Este artigo integra o escopo dos estudos acerca da performance das Saias de Axé, pesquisa de doutoramento desenvolvida junto ao Programa de Pós Graduação em Artes Cênicas da Unirio (2020). Como Saias de Axé estão compreendidas aquelas utilizadas por mulheres no espaço-tempodas tradições dos seus terreiros de Candomblé, onde exercem seus papéis e funções no cotidiano e na liturgia da tradição. Assim, a relação Saia-Mulher-Candomblé fricciona o corpo feminino negro como autoria e eixo de perpetuação de “corpo e alma” de tradições da afrodiáspora no Brasil.  Nessa perspectiva, esse termo é, então, cunhado por nelas, nas Saias de Axé, estarem inscritas a construção sócio-política dessas mulheres que “ganham” as ruas e reinam em seus terreiros e, sobretudo, por nelas estarem costuradas a subversão em formatos, ornamentos e barrados pelo movimento espiralar que “dançam” nos territórios do terreiro.

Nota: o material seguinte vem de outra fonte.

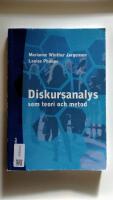 Diskursanalys som teori och metod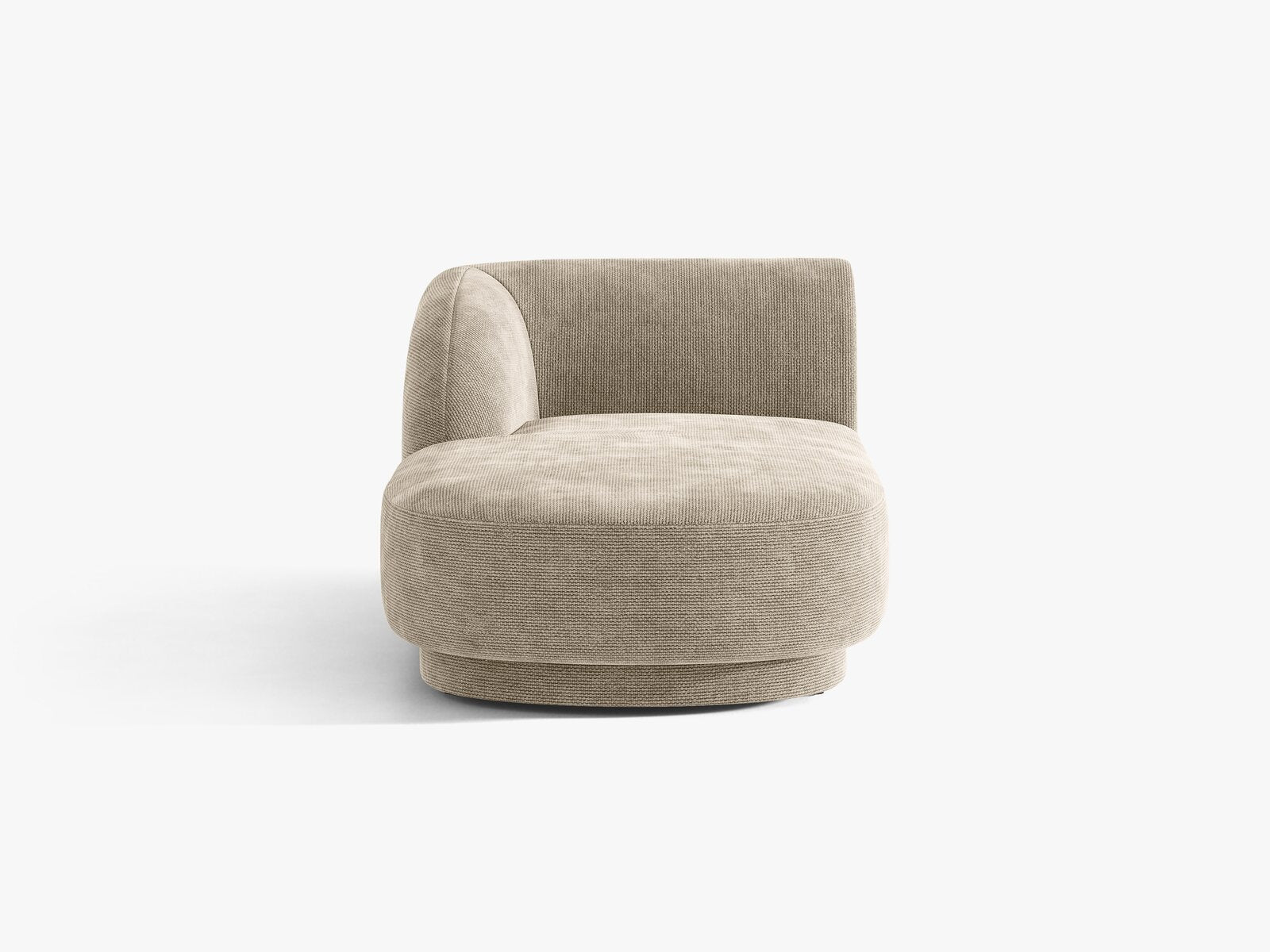 Micadoni Modul Miley 2-Sitzer Links Chenille Haga Beige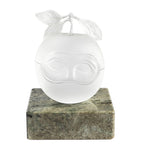 Lalique x René Magritte Left Masked Apple Sculpture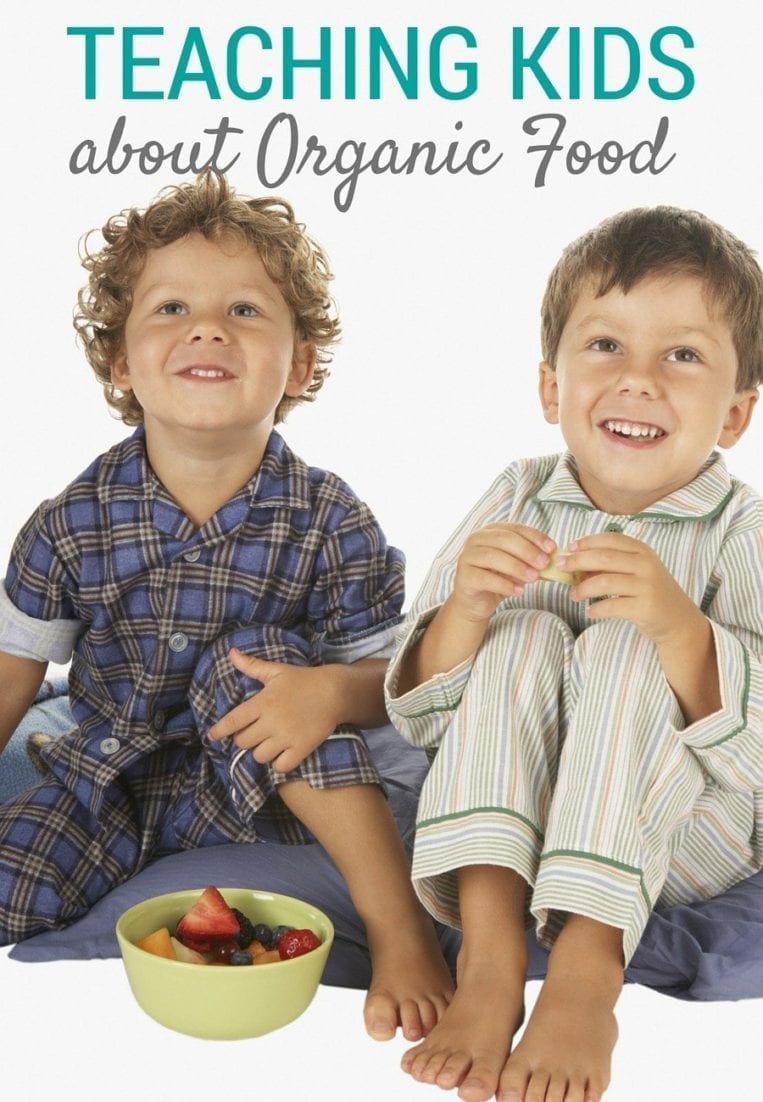 teaching your kids about organic food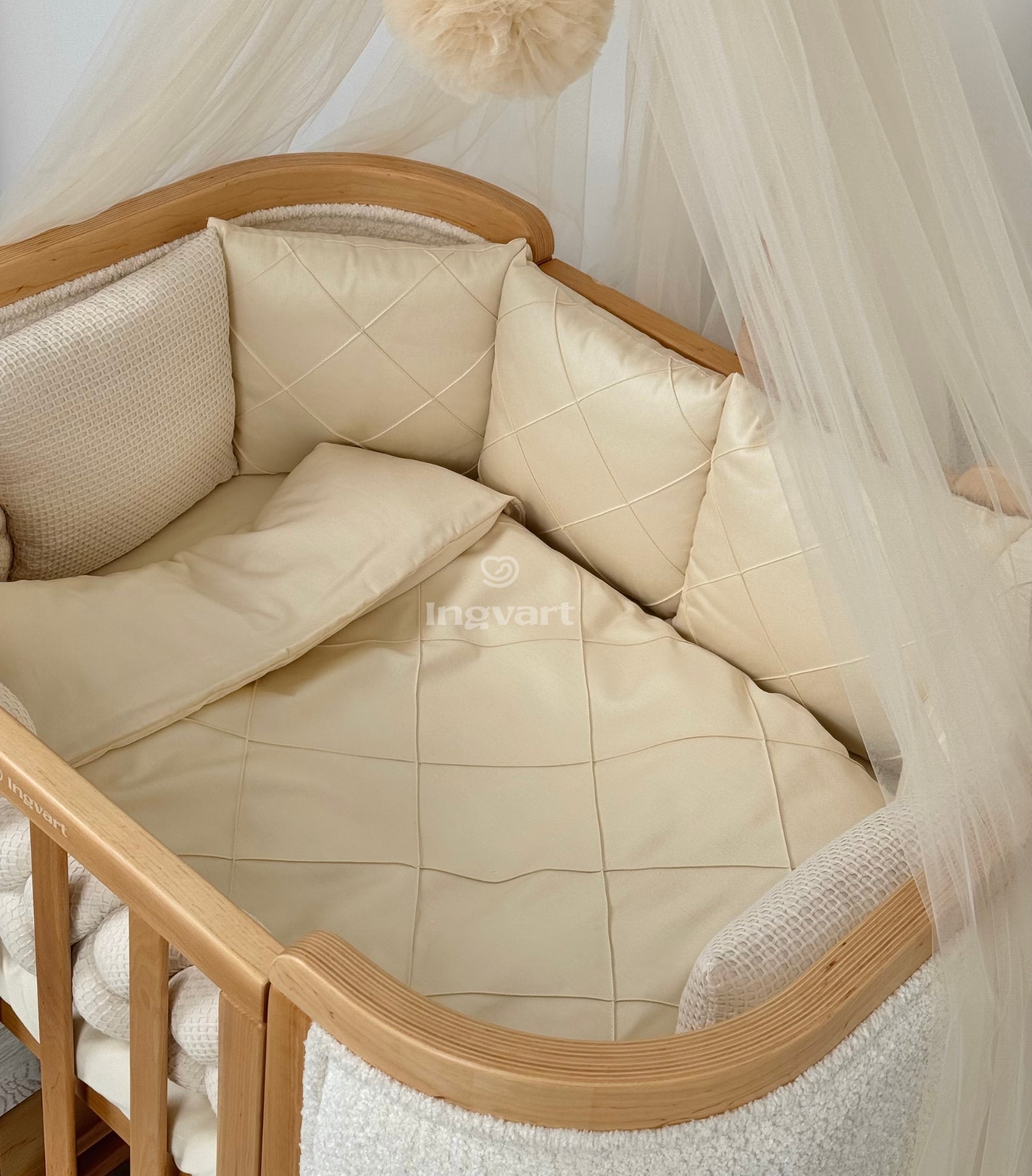 Conjunto Platino Vainilla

Dentre as peças que compõem o traje feminino do Candomblé, a saia é aquela que emblematiza a atividade econômica feminina do “ganho” e cuja memória continua bordada em nossos cotidianos nos terreiros bem como nas ruas, a exemplo do ofício das baianas do acarajé. A atividade de comércio nos mercados, feiras e ruas foi de imperativa presença feminina negra na construção histórica do Brasil e, está fortemente alicerçada ao lugar que esta mulher negra também construiu para si no Candomblé.  Desse modo, na busca pela aproximação da dimensão e potência do encontro de uma mulher de Candomblé com sua saia, esse trabalho aciona a construção da matrilinearidade no Candomblé intrinsecamente costurada à noção de matrifocalidade, costurando assim diferentes camadas dessas ondas que se propagam pelo movimento espiralar das saias rodadas. Com isso, a reconstituição do cotidiano da mulher negra na rua resgata traços culturais que revelam a relação das culturas afrodiaspóricas com o espaço público, bem como sublinham a rua como espaço de atuação feminina da mulher africana, incidindo importante marcadores culturais em nosso contexto de construção colonial, em que a rua é território de sua exploração, mas também de sua transgressão para a liberdade.